The vice-chairman of the Cocoa Association of Nigeria, Thomas Ekpenriebe, has said the currently foreign buyers are not patronising Nigerian cocoa because its bean count is very low compared to others.
He said this in an interview with journalists in Benin while speaking on the challenges facing cocoa farmers in Edo State.
“The bean count of our cocoa is very low; 300 seeds, or at most 310 or 320 are supposed to give you a kilo. So, if 300 didn’t give you a kilo, it means the seeds didn’t do well and the weight would be less.
“Foreign buyers are not making profit because by the time they peel the seeds, the beans inside would not be encouraging.
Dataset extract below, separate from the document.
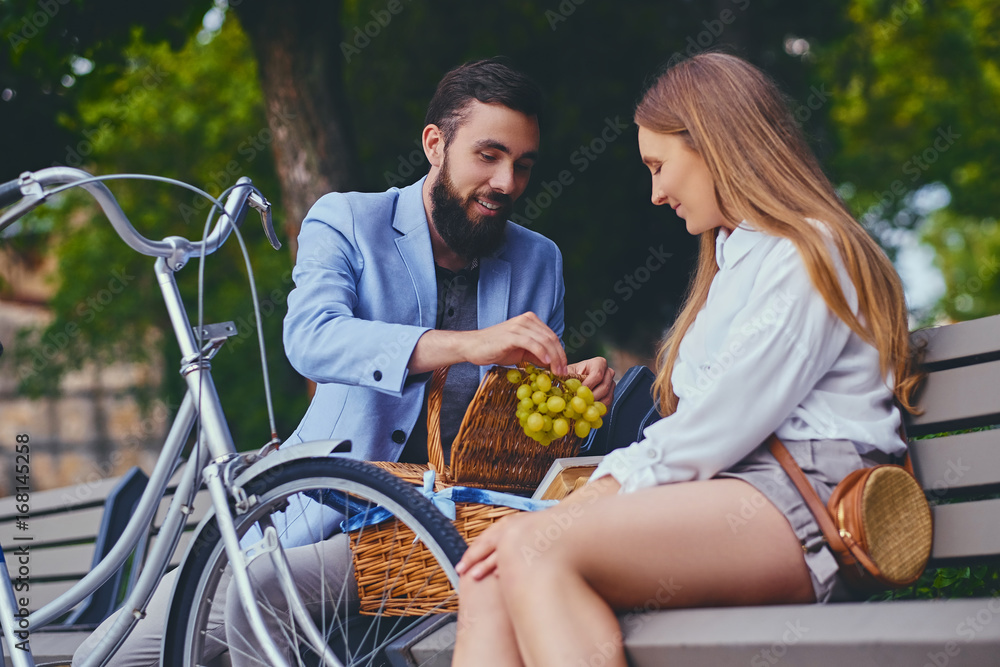 Obraz premium A couple eats grape on a bench in a park.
So they don’t buy our cocoa now, but they are waiting until the beans count appreciates before they start.
“So, for two months now, that led to the reduction in price from N1,100 to N900 or N950. Cocoa farmers are losing N200 or N150 per kilo,” he said.
He attributed the development to short rainfall in the country, coupled with the fact that cocoa farmers are not into irrigation in the southern part of the country, adding that once there is irrigation or adequate rainfall, the challenges of bean count would have been overcome for the benefit of farmers.
“Presently, there is cocoa but no money outside. Even those that are ready to buy reduce the price from N1,150 per kilo to N900 or N950, depending on the area per kg instead of N1,100 two months ago. That’s one challenge,’’ he noted.
He lamented that one of the challenges faced by cocoa farmers was climate change, which he said had affected the rainy season.
“Since June 1 in our area, we have not seen rain, and this is the time when farmers are supposed to be transplanting cocoa but there’s no rain; and before you know it, dry season will set in and the cocoa may die. This, among others, is affecting us,’’ he said.
He lamented that following the development, people were switching from cocoa to plant oil palm, which is weather-resistant.
According to him, Ondo cocoa farmers are doing better than their counterparts in Edo State due to government intervention, which is lacking in the state.
While calling on both the federal and state governments to encourage cocoa farming, he appealed to the federal government to add derivatives, such as cocoa juice or chocolate to its school feeding programme to encourage local consumption and production.
He said, “We approached the federal government in 2016, saying that cocoa drink should be added to the school feeding programme. That’s what Ivory Coast is doing and they are making it. In production, they process 40 to 60 per cent and ship 40 per cent abroad. The same thing is happening in Ghana, but here in Nigeria, how many people are eating chocolate?”